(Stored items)
=== Section Start ===

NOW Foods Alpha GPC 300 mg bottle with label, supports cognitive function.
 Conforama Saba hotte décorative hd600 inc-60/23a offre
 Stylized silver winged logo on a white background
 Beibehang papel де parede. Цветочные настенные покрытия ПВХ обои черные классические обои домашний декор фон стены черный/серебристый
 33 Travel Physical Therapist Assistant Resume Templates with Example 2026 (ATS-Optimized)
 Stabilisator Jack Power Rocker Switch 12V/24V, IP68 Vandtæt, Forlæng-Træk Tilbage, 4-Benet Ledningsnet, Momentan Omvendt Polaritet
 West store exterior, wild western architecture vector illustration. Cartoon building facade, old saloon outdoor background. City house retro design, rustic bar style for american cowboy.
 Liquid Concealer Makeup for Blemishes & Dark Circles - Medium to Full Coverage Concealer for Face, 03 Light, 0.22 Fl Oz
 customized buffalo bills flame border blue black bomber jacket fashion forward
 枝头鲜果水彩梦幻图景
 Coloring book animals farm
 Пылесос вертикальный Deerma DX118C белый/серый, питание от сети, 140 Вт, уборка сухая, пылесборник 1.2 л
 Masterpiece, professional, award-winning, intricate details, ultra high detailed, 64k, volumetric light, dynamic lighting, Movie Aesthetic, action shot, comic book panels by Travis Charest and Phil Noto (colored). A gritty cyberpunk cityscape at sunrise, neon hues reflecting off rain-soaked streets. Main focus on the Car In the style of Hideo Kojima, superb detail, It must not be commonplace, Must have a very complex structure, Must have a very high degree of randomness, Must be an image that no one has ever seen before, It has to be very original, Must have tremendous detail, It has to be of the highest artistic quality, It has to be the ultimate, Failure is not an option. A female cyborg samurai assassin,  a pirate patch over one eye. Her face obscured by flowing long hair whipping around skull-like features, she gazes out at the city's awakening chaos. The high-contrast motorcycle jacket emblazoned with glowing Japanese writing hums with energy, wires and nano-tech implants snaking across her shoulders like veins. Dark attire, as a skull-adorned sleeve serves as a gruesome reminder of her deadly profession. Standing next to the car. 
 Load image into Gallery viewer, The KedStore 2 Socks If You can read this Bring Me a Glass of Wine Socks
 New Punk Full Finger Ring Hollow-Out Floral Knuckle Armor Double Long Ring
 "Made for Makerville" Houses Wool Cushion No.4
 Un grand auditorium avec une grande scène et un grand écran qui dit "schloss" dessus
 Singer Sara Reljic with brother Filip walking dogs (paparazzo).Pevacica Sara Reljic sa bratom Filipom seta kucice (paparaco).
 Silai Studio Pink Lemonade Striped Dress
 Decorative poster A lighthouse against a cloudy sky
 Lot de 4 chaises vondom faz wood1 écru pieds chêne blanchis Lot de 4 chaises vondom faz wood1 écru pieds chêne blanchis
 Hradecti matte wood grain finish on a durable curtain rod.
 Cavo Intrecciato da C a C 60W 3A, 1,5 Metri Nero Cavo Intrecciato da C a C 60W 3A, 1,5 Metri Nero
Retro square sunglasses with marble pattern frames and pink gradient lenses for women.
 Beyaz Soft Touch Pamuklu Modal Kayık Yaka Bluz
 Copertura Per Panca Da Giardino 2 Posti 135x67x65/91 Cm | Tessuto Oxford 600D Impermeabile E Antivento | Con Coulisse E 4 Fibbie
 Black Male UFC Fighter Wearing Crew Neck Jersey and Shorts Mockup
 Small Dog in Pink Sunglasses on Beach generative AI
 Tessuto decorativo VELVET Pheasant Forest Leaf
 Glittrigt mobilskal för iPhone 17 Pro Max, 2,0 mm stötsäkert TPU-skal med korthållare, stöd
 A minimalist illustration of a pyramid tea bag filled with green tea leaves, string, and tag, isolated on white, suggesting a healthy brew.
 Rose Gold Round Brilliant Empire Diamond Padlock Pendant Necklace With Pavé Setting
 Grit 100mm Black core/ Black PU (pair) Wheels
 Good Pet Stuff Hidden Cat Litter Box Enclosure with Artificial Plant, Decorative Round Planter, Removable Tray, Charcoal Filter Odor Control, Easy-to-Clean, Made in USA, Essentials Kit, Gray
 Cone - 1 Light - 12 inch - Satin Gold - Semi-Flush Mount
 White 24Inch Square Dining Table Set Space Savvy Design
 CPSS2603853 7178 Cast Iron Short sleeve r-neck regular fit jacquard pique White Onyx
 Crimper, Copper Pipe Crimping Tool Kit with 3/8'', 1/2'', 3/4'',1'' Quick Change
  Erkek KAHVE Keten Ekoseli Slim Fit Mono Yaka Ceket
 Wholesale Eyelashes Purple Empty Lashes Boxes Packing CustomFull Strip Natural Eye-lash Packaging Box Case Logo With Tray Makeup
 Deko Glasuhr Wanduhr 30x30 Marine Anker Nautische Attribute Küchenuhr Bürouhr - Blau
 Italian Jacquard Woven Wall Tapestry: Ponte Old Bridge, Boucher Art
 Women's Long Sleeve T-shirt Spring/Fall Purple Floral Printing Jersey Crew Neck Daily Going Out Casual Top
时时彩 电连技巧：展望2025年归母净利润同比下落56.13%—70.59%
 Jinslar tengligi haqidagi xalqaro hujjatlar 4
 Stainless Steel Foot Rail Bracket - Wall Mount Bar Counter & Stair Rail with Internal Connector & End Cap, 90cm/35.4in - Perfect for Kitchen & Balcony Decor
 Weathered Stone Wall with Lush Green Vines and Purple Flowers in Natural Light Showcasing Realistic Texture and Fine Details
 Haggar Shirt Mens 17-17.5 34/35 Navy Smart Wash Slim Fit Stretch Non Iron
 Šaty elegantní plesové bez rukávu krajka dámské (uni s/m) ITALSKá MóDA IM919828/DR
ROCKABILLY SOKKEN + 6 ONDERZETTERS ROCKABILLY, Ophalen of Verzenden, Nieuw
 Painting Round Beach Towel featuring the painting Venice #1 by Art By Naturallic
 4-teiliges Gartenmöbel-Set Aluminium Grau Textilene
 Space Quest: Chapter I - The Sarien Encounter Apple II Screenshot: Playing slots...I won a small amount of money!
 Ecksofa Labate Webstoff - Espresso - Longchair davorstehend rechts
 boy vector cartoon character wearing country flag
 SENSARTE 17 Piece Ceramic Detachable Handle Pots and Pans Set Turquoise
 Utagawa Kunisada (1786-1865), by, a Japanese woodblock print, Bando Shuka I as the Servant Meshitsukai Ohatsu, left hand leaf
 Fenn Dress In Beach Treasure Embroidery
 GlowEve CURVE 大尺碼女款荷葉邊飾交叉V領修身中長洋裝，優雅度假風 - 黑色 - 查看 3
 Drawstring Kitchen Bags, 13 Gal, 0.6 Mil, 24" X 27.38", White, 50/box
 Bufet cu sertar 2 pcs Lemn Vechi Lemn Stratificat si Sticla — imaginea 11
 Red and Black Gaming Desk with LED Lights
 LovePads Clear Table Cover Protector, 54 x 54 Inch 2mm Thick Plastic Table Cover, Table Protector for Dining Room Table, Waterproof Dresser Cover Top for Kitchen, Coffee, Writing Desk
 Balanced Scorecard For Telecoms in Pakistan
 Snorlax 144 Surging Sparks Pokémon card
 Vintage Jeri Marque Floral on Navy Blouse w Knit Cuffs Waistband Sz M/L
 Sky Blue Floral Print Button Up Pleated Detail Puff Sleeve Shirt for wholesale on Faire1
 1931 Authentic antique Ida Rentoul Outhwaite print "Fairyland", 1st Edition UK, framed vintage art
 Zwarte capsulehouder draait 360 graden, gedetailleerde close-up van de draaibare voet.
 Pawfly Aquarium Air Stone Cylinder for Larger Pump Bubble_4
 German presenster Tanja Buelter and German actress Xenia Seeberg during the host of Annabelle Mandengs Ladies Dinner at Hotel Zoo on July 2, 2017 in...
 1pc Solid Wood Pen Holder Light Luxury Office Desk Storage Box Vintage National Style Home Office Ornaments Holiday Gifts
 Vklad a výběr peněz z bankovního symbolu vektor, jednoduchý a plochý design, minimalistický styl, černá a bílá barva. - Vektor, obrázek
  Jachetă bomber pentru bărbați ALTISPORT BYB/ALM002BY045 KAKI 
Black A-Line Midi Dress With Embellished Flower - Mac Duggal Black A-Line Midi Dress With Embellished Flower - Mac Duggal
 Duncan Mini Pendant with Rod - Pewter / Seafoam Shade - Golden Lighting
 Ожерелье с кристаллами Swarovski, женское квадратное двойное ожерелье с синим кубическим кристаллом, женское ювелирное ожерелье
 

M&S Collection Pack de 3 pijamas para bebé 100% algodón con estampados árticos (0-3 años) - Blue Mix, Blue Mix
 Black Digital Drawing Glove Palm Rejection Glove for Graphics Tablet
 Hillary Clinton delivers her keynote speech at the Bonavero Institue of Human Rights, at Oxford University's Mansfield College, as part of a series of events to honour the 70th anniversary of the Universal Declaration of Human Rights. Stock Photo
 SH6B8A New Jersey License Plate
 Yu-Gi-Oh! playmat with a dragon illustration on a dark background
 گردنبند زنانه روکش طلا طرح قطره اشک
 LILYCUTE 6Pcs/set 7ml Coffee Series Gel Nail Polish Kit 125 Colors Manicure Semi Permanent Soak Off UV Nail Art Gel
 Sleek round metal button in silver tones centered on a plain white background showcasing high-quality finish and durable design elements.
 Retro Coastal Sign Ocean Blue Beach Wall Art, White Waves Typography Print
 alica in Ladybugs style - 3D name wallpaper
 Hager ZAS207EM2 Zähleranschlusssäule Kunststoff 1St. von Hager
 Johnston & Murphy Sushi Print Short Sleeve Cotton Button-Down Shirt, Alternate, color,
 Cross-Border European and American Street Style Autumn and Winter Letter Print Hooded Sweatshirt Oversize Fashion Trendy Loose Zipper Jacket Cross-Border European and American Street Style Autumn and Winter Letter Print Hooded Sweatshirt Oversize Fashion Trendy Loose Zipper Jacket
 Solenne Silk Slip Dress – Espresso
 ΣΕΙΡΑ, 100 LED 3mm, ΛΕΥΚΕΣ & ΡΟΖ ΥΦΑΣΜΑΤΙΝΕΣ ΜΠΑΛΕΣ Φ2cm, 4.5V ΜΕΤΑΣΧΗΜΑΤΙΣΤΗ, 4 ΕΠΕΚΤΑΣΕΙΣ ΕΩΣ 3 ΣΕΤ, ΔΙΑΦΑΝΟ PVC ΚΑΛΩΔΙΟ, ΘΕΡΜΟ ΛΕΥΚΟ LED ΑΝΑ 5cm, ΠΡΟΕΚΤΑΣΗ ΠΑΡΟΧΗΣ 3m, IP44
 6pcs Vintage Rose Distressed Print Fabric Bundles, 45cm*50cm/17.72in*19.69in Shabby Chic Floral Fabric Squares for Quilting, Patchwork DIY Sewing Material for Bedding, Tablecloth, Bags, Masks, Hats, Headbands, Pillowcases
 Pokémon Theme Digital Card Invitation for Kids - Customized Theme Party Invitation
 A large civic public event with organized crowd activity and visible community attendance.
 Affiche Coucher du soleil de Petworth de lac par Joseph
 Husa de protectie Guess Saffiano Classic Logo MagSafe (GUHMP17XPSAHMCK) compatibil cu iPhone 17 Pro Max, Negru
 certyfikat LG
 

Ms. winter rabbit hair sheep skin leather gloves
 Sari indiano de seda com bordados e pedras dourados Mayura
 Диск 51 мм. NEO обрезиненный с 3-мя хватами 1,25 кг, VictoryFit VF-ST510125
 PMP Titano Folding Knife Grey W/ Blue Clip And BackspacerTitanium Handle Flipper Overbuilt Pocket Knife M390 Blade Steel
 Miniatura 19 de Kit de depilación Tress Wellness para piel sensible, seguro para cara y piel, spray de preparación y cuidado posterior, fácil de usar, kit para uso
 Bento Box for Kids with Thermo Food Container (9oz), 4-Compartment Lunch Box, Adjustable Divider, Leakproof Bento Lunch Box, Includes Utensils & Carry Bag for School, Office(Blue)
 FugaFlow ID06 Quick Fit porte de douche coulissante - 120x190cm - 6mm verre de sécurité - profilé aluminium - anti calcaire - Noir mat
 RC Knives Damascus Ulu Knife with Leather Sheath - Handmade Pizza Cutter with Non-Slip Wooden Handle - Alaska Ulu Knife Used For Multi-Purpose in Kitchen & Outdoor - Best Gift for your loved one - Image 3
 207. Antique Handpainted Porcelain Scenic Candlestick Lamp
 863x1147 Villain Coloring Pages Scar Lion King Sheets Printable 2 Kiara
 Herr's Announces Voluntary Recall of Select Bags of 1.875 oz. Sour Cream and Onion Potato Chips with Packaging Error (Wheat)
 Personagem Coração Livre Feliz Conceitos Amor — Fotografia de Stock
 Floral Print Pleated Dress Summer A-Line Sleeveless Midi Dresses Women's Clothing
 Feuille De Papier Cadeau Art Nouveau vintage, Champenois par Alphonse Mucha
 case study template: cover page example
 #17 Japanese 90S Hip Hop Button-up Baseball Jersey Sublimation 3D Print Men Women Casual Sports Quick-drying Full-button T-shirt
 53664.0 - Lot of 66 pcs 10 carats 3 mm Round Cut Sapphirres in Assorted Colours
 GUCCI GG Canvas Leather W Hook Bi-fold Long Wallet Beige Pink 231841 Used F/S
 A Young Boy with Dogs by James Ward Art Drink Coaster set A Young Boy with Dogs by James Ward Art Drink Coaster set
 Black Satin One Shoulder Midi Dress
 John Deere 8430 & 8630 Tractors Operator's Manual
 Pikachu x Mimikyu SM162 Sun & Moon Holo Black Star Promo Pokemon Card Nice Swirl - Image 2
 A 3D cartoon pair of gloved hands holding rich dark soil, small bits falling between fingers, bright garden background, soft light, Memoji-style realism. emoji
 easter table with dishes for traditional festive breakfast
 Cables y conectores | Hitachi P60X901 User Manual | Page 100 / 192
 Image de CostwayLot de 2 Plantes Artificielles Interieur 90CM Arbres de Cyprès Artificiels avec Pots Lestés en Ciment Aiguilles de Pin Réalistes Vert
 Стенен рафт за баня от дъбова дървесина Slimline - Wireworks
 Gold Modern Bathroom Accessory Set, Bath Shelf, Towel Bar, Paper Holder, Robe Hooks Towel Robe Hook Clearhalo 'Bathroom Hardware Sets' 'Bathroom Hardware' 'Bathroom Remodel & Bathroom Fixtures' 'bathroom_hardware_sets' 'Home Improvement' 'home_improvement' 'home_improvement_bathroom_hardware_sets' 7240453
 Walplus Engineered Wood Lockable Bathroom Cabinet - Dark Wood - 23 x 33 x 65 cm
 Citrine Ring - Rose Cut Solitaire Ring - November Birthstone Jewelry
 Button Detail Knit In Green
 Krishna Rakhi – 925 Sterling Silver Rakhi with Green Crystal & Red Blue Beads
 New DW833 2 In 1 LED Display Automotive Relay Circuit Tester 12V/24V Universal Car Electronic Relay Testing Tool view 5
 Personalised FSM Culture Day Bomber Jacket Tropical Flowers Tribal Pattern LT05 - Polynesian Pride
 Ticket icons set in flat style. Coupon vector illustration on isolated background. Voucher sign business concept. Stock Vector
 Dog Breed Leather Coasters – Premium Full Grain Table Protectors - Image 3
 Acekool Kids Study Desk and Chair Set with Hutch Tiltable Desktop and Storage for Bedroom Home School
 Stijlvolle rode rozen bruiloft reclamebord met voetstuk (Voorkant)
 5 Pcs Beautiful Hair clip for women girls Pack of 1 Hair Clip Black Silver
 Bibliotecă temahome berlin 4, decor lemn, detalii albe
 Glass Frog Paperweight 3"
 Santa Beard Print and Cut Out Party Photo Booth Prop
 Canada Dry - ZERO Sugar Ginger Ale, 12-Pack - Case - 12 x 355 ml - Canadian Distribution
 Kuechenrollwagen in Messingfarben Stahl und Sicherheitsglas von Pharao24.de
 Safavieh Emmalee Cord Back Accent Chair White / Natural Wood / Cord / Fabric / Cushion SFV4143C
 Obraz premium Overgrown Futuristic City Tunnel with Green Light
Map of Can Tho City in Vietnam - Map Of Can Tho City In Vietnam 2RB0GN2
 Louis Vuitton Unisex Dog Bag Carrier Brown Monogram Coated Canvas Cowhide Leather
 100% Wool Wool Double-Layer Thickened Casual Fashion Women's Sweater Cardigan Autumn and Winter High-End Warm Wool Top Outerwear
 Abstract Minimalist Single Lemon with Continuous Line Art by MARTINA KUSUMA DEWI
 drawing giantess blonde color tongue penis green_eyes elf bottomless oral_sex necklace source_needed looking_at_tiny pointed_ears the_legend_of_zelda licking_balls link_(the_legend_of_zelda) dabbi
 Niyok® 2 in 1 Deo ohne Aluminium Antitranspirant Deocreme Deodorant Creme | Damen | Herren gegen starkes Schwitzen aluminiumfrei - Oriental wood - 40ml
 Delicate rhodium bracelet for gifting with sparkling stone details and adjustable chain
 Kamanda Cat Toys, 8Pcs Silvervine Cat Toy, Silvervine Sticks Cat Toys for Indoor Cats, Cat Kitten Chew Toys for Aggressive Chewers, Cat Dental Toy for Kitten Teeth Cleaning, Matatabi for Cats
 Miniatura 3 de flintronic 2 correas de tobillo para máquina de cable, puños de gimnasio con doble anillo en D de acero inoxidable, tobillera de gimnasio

=== Section End ===

Problem requirements: Every line of the entries that includes "vector" must be copied into the answer.

Solution for this problem:
 West store exterior, wild western architecture vector illustration. Cartoon building facade, old saloon outdoor background. City house retro design, rustic bar style for american cowboy.
 boy vector cartoon character wearing country flag
 Ticket icons set in flat style. Coupon vector illustration on isolated background. Voucher sign business concept. Stock Vector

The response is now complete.